(Beginning of PROVIDED INFORMATION)

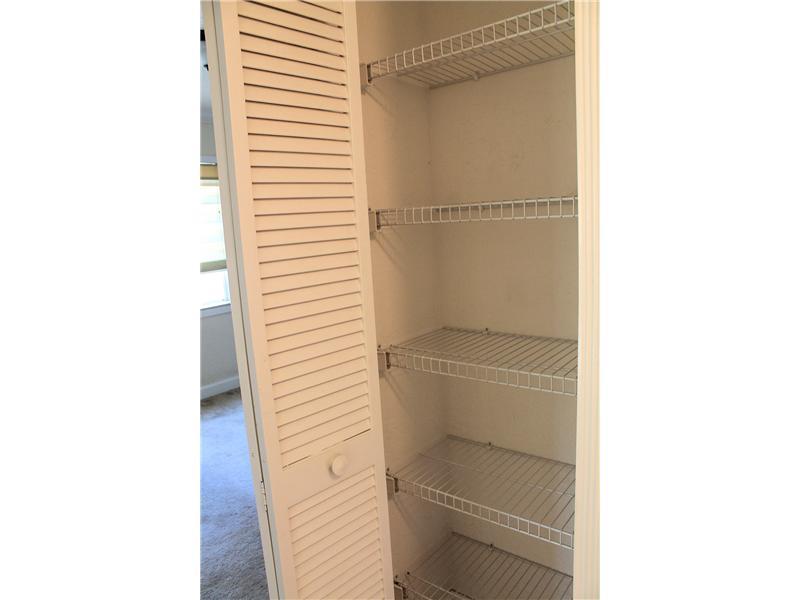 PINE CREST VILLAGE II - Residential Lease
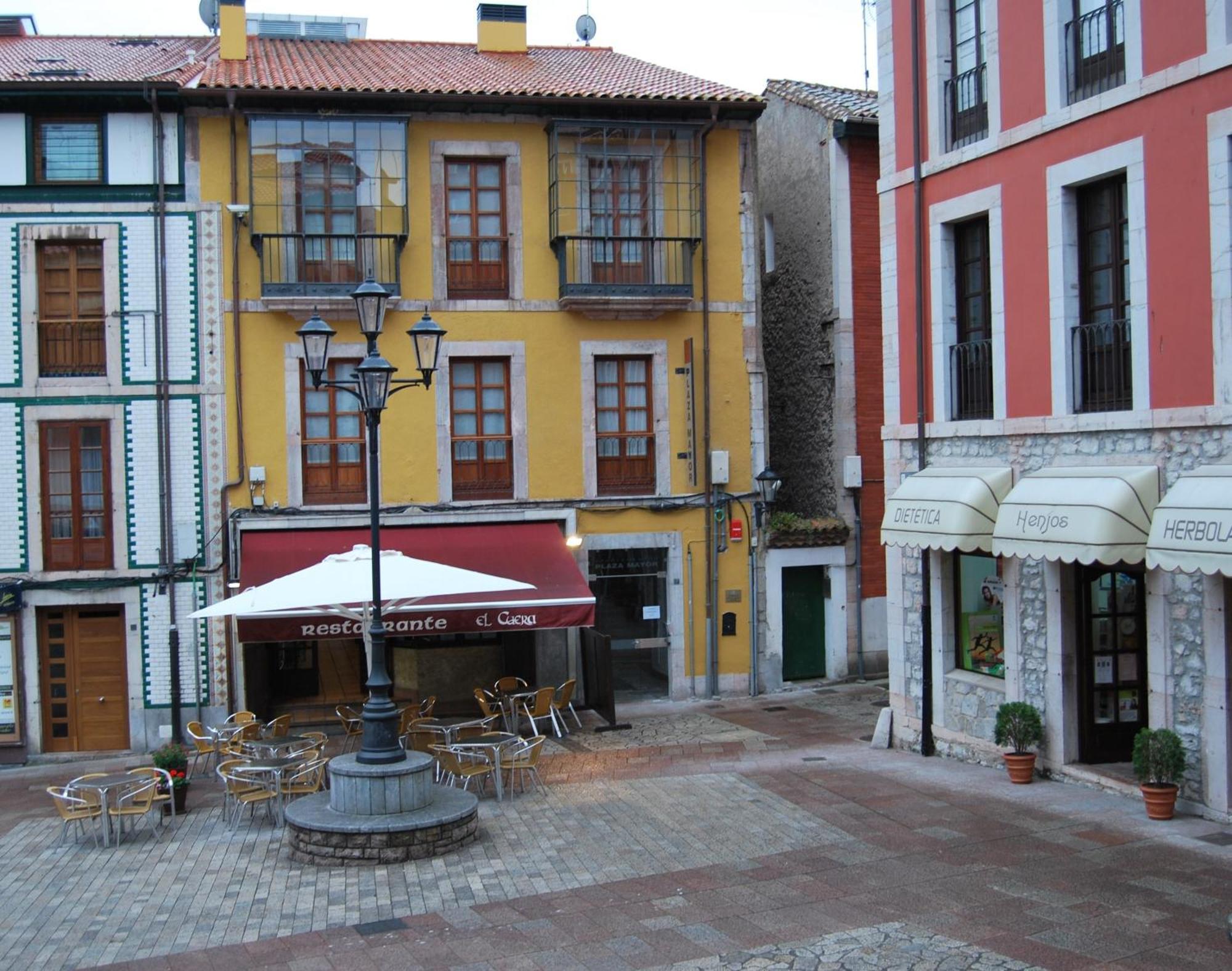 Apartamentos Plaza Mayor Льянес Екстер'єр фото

(End of PROVIDED INFORMATION)
(Beginning of PROVIDED INFORMATION)

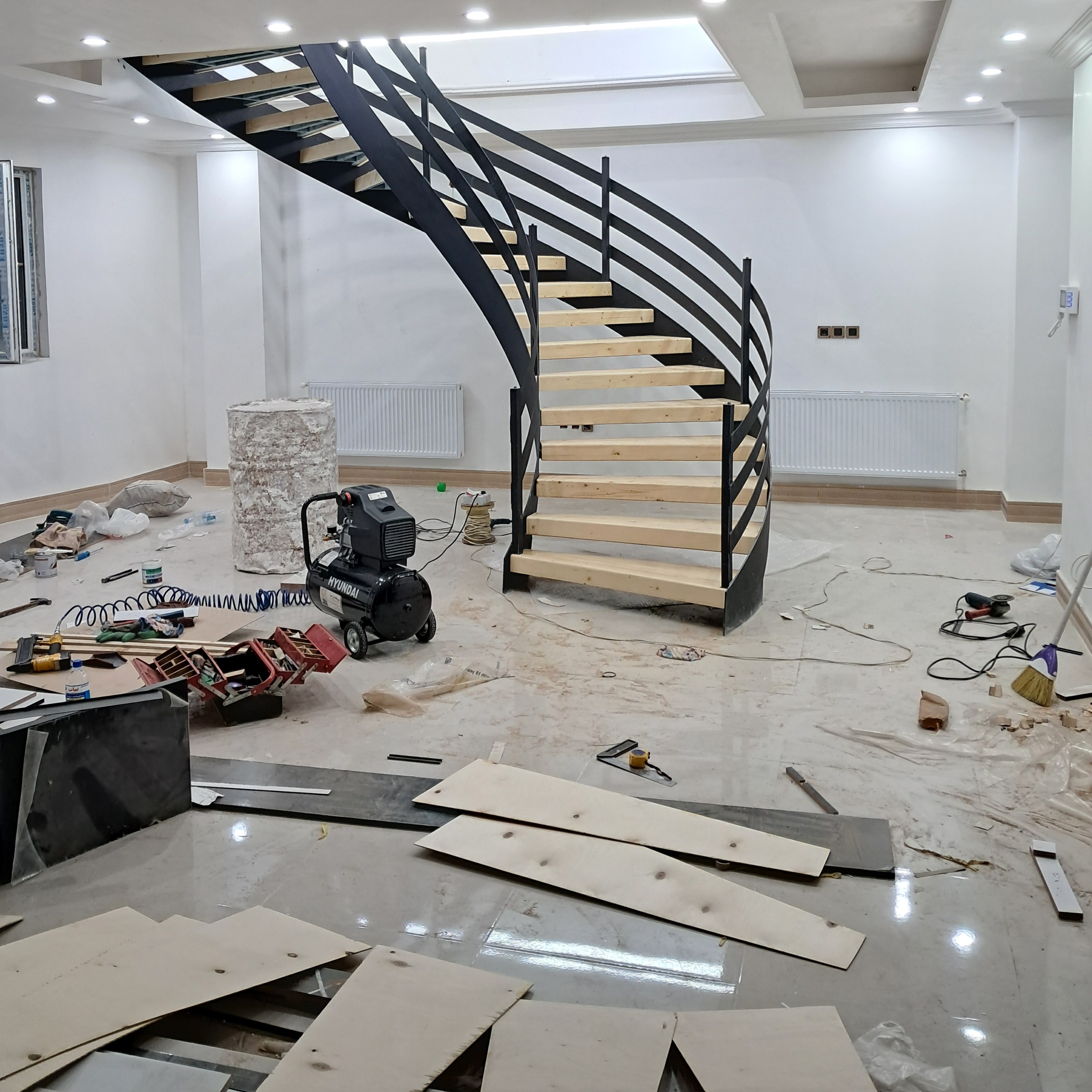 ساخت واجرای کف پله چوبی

(End of PROVIDED INFORMATION)

- **TRY IT**: Copy out the lines above from the line containing "PINE CREST VILLAGE II - Residential Lease" through the line containing "Apartamentos Plaza Mayor", exactly, and keep the pictures out.

- **YOUR RESPONSE**:
 PINE CREST VILLAGE II - Residential Lease
 Apartamentos Plaza Mayor Льянес Екстер'єр фото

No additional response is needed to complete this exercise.